A few years ago, I took an online writing course taught by Jeremy C. Shipp, author of gothic, dark fantasy and horror literature. I learned so much and still have my classwork and lectures. Jeremy talks about his latest works:
How did you decide to become an author?
It’s the same old story, really. When I was in fourth grade, my teacher asked the class to write short stories, and at that moment I found myself possessed by an assiduous poltergeist with an affinity for clowns and fiction writing. As one might expect in a situation like this, the short story ended up not very short at all. I’ve been writing almost constantly ever since. At 13, I wrote my first novel, and at 18 I was published for the first time, and somewhere in my 20s, I wrote my first good story.
How does your professional background help with your writing?
Most of my professional experience has been writing-related, from my BA in Creative Writing to the work I’ve done as an author, editor and writing instructor. Beyond all of this, I would say that my non-writing-related jobs have been just as vital when it comes to my actual fiction writing. I have tiled floors, and painted houses, and delivered food, and worked as a substitute teacher. I have learned more about human beings working jobs like this than I ever did in a classroom.
Can you tell us more about why you wrote your latest books?
I wrote The Atrocities primarily because there aren’t enough books out there that feature capybaras wearing tutus. In addition to this, I have always been quite a fan of gothic fiction, and I have long admired authors such as Charlotte Brontë and Shirley Jackson and Daphne Du Maurie. Even as a baby, I would shape my mashed potatoes into castles and hold long conversations with ravens.
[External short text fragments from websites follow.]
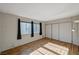 Bright bedroom featuring natural light, wood floors, and a spacious closet at 3642 Haverhill St, Las Vegas, NV 89121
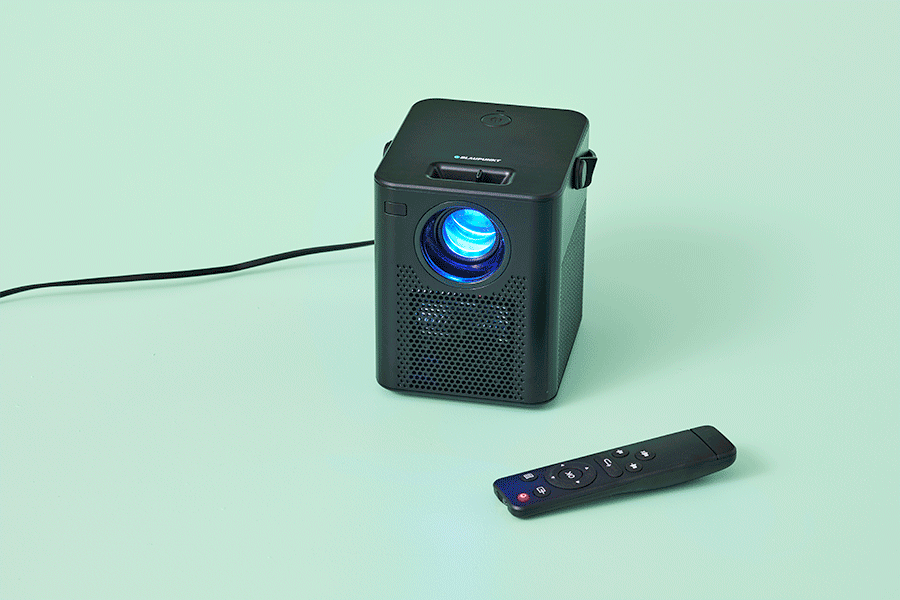 A selection of Christmas gifts for entertainment lovers, shown on various brightly coloured backgrounds. Products include a projector, wireless speaker and digital camera.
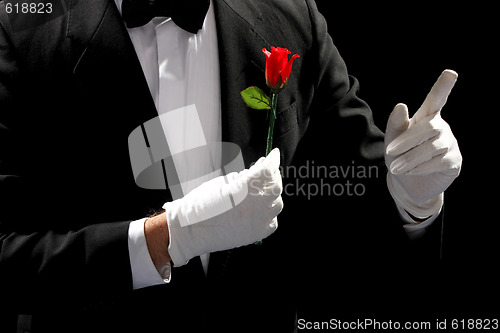 Image of young magician performing red rose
Eventually, I developed a desire to create my own gothic-inspired piece saturated with grotesqueries and beauty, and that’s how The Atrocities was born.
What advice do you have for aspiring writers?
- Watch The Garbage Pail Kids Movie at least twice a day.
- Remember that a rejection letter is merely a reminder that you’re giving yourself opportunities to succeed.
- When you’re feeling stuck, bounce ideas off the nearest poltergeist.
- Experiment with your writing style and process, and see what works best for you.
- Wear a Hamburglar mask while you sleep.
- Don’t take any one author’s advice as gospel.
I’m currently writing a sequence of arcane words that when read under a blood moon causes every hat in a 50-yard radius to be transmogrified into a jerboa. So far I don’t have a publisher for this sequence, but I’m keeping my fingers crossed. In other, more factual news, I have a new Tor release called Bedfellow coming out in November, 2018.
Here’s what the back cover has to say about the book:
When the . . . thing first insinuated itself into the Lund family household, they were bemused. Vaguely human-shaped, its constantly changing cravings seemed disturbing, at first, but time and pressure have a way of normalizing the extreme. Wasn’t it always part of their lives?
As the family make more and greater sacrifices in service to the beast, the thrall that binds them begins to break down. Choices must be made. Prices must be paid. And the Lunds must pit their wits against a creature determined to never let them go.
It’s psychological warfare. Sanity is optional.